Work instructions
The line containing "Rendimiento de pico" marks the end: copy exactly every line from the start of the records below up to and including it, leaving out pictures.
-- Dataset extract follows --
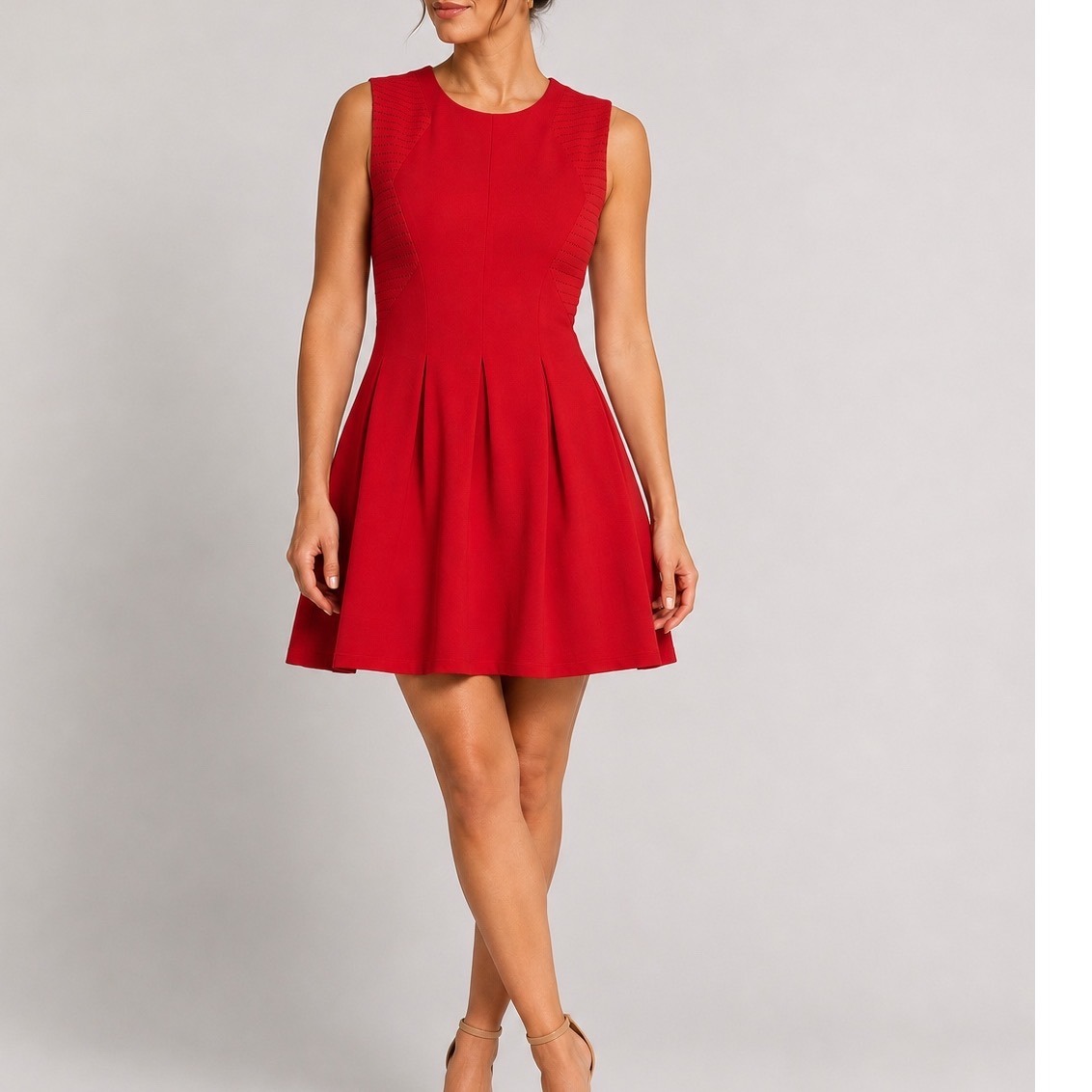 Bcbgmaxazria Tulip Dress Nwt Red Fit & Flare Sleeveless Size L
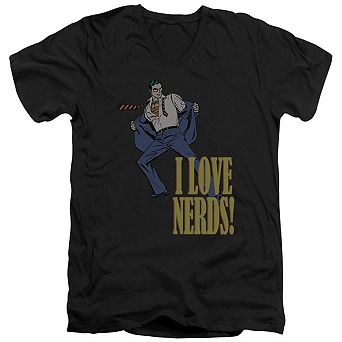 Dc Comics I Love Nerds Short Sleeve Adult V Neck T-shirt
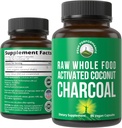 Rendimiento de pico Cápsulas de carbón vegetal activadas de coco coco silvestres cosechados. Mejor suplemento de cáscaras de carbón seguro para Detox, Gas Relief, Bloating. para Hombres y Mujeres 90 Todas las tabletas naturales
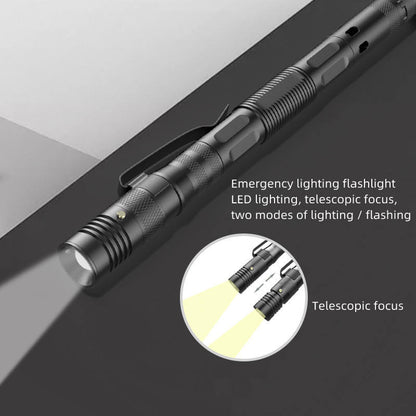 Multifunctional Tactical Pen Flashlight Defense Pen Broken Window Hammer EDC Outdoor Supplies Self-Defense Survival Tools Aluminum Alloy
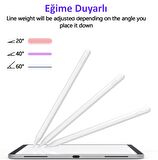 Apple iPad Mini 6. Nesil (2021) Uyumlu Avuç İçi Algılamayan Eğimle Çizim Kalınlığı Değişen Stylus Kalem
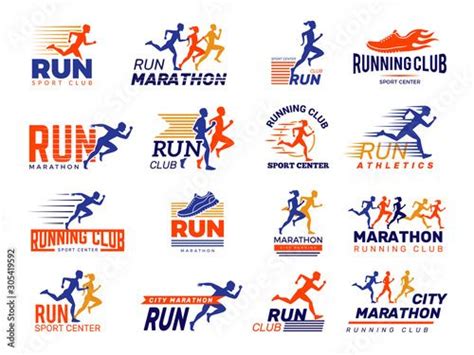 Sport logo. Healthy running marathon athletes sprinting badges vector ...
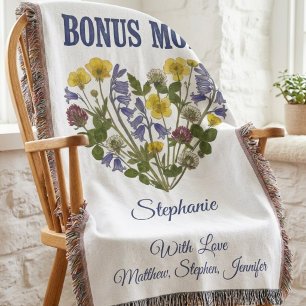 Bonus Mum Floral Heart Throw Blanket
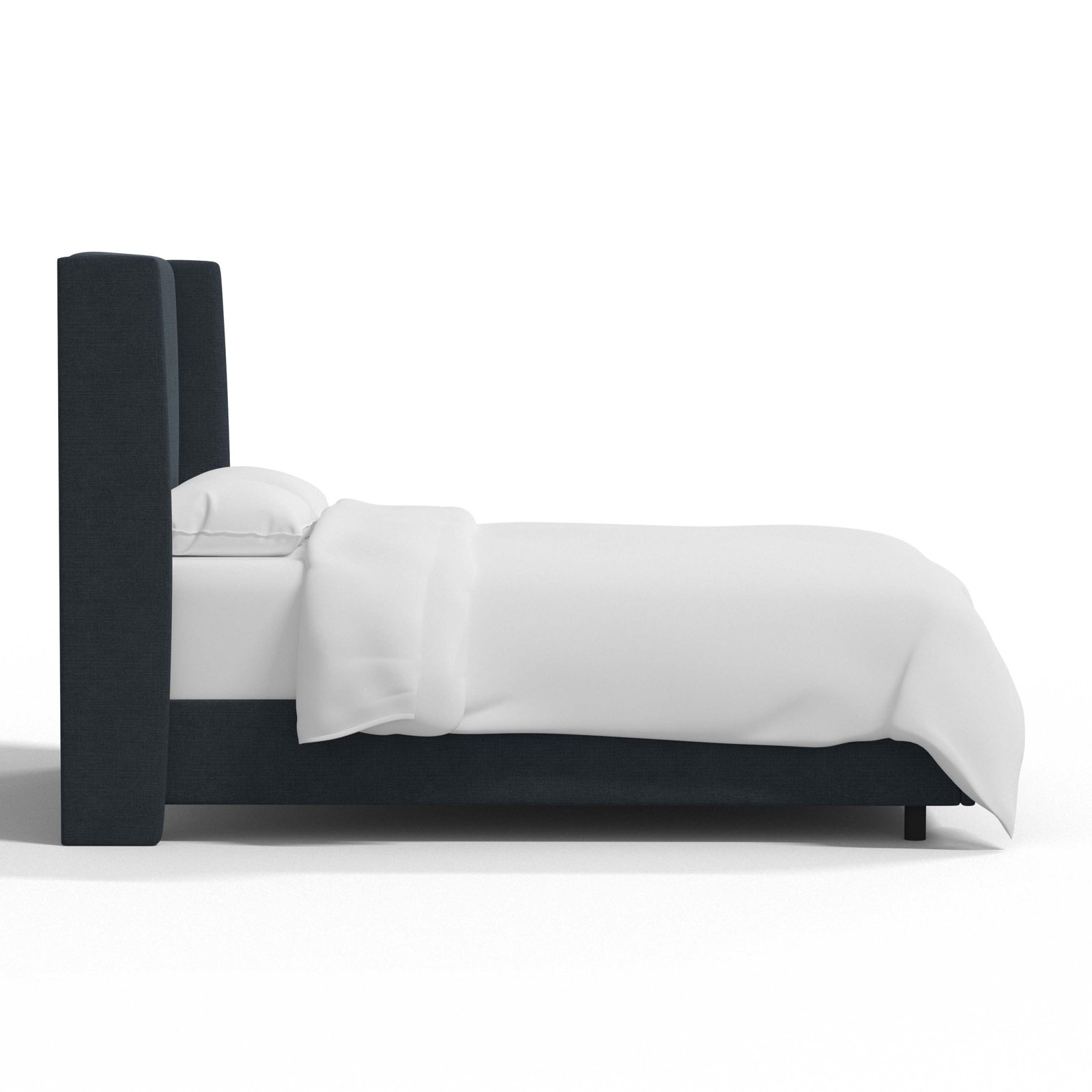 Tilly Linen Upholstered Wingback Bed, Twin, Classic Navy Linen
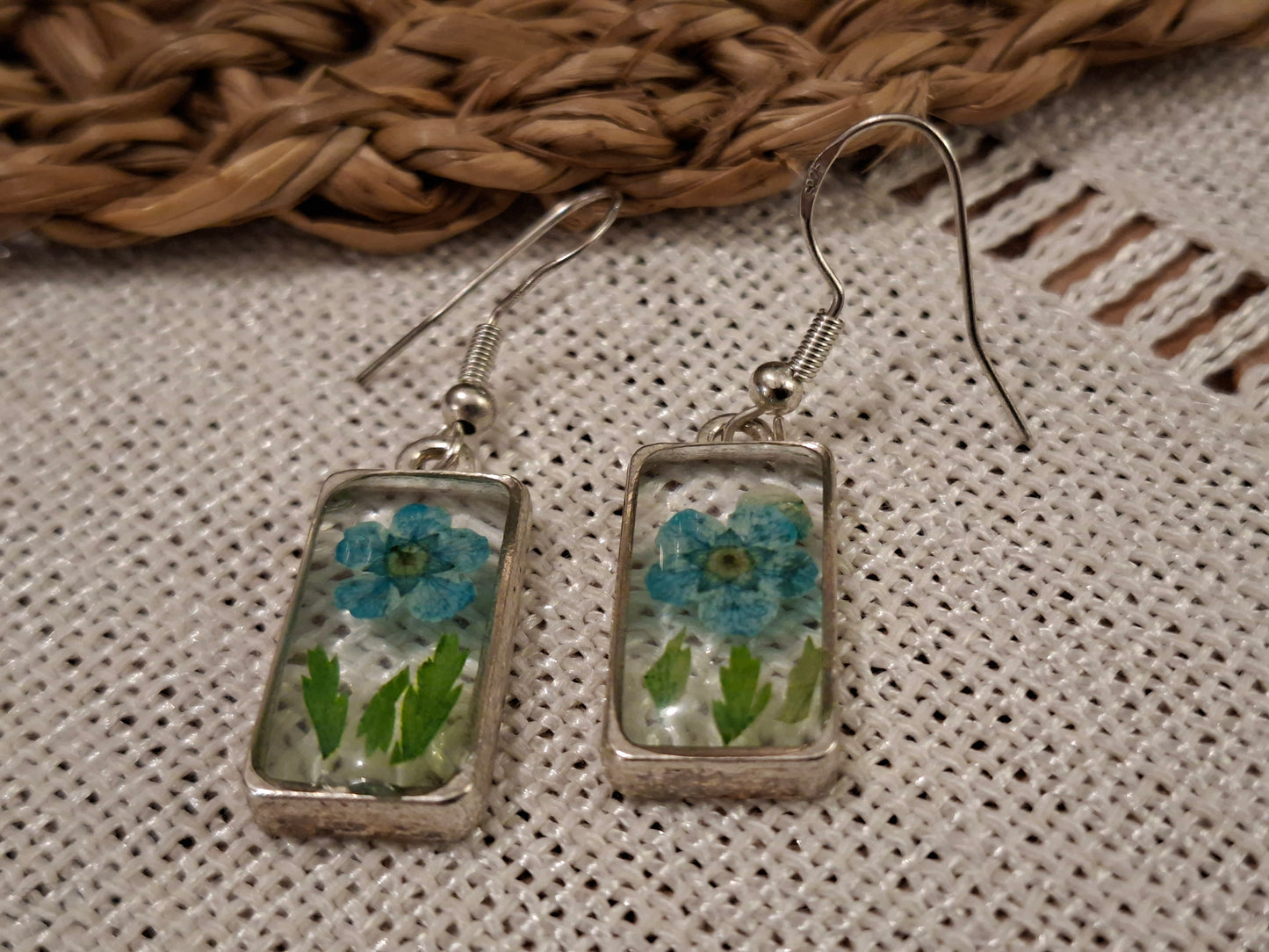 Real flower earrings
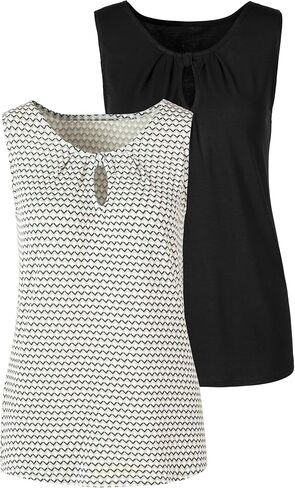LASCANA Women's 2 Pack Pleated Keyhole Tops in Saudi Arabia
-- Dataset extract concluded --
Response below
 Bcbgmaxazria Tulip Dress Nwt Red Fit & Flare Sleeveless Size L
 Dc Comics I Love Nerds Short Sleeve Adult V Neck T-shirt
 Rendimiento de pico Cápsulas de carbón vegetal activadas de coco coco silvestres cosechados. Mejor suplemento de cáscaras de carbón seguro para Detox, Gas Relief, Bloating. para Hombres y Mujeres 90 Todas las tabletas naturales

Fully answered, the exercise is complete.